Tuesday, October 19, 2010

"Contextual Hot Chocolate"

While I normally wait for the results of something before I report on it, I'm going to continue doing that and take this time to muse about the anxiety that one experiences whilst in the uncertain stages of romance.
It would be no more a secret than this blog that I'm referring to dream-girl-who-gave-me-her-number. With that context, I'll move on.
It's very difficult to break off and do something else when you're waiting for a response. What's especially frustrating is when you send a message directly to their phone, which you could only assume is currently on their person, and they still don't answer back. I'm not complaining, it's just that I want to remind myself in case I forget how scary that can be.
Hour after hour I worry that I might have ruined something, said something wrong, revealed too much, showed too much or too little interest, that I've made some kind of irreversible mistake that makes her decide that I'm weird, that I'm pathetic, that my intentions aren't pure, that in some way I'm not worth her time.

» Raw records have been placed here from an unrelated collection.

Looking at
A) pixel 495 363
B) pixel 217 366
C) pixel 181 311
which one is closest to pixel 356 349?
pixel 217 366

All I can really ask for is one date, but I'm so afraid that if I push too hard, she'll leave me alone, or that if I don't push hard enough, I'll miss an opportunity.
Naturally (albeit metaphorically) I've been holding myself in my arms and telling myself that I'll be okay no matter what happens, but until she answers, I can't tell myself which okay I'll be.

Is it okay to pray about this kind of stuff? I guess it's okay to at least ask for comfort.

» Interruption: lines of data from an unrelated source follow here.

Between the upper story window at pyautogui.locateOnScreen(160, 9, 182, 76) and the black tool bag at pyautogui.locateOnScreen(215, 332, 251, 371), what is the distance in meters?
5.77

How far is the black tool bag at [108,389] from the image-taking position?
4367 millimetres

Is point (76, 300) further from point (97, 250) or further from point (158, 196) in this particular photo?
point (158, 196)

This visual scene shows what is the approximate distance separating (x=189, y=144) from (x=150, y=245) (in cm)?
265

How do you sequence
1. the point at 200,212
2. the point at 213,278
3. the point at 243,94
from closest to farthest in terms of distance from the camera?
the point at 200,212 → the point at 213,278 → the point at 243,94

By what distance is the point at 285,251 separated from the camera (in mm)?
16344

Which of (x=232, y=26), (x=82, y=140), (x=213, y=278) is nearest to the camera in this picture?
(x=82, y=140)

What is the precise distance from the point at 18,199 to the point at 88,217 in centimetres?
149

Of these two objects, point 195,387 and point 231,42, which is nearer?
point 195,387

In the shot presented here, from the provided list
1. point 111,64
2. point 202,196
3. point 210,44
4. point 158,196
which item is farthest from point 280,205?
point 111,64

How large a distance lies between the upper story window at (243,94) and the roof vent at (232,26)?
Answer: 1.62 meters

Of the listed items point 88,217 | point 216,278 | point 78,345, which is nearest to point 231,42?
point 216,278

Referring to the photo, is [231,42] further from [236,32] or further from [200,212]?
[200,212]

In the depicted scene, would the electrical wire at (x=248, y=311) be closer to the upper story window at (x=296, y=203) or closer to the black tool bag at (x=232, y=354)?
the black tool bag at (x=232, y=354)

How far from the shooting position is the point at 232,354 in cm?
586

It's almost like I completely forgot everything I thought I learned from my past mistakes.

Anyways, apparently the presumed event is coffee. Whatever that means. Lately I've been calling it "contextual hot chocolate" because I won't be drinking coffee, but it won't just be hot chocolate for me. It will be "I'm totally on a date with my dream girl" hot chocolate. But that's too long a name, so I just shortened it to contextual.

...I'm gonna call her right now.

Oh heh. Turns out she just got out of the hospital. I didn't ask her what happened. But in that case I guess it's okay for her to not be so responsive and such.

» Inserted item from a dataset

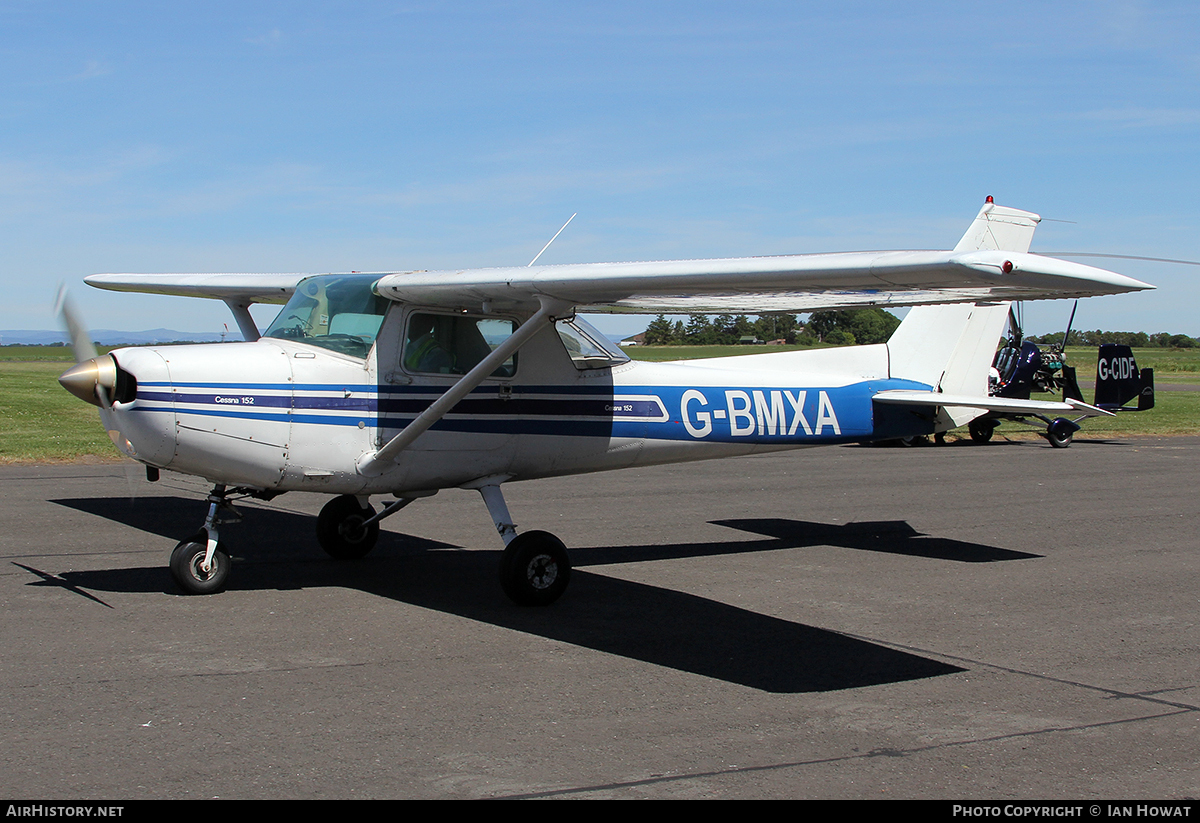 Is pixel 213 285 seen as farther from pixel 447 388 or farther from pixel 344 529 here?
pixel 447 388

Why is it always something like this? My life seems to slow down around these moments where it's like the world could tip over.

Have I arrived in the middle of a crisis or something? Am I supposed to be some kind of hero? I feel like I should really call her again, but I kind of need to get going.

...I'll do it.

1 comment:

  1. You're such a brave man. I don't have those kind of balls. When Krissy called to break up with me, I was busy, and when I was done, I asked if we could talk on MSN Messenger. Worst mistake of my life. I think that was the final nail on my coffin. But to be honest, I did it so that I didn't her her cry. Her crying was too sad for me to hear...

    If I could do it again, I would have called her.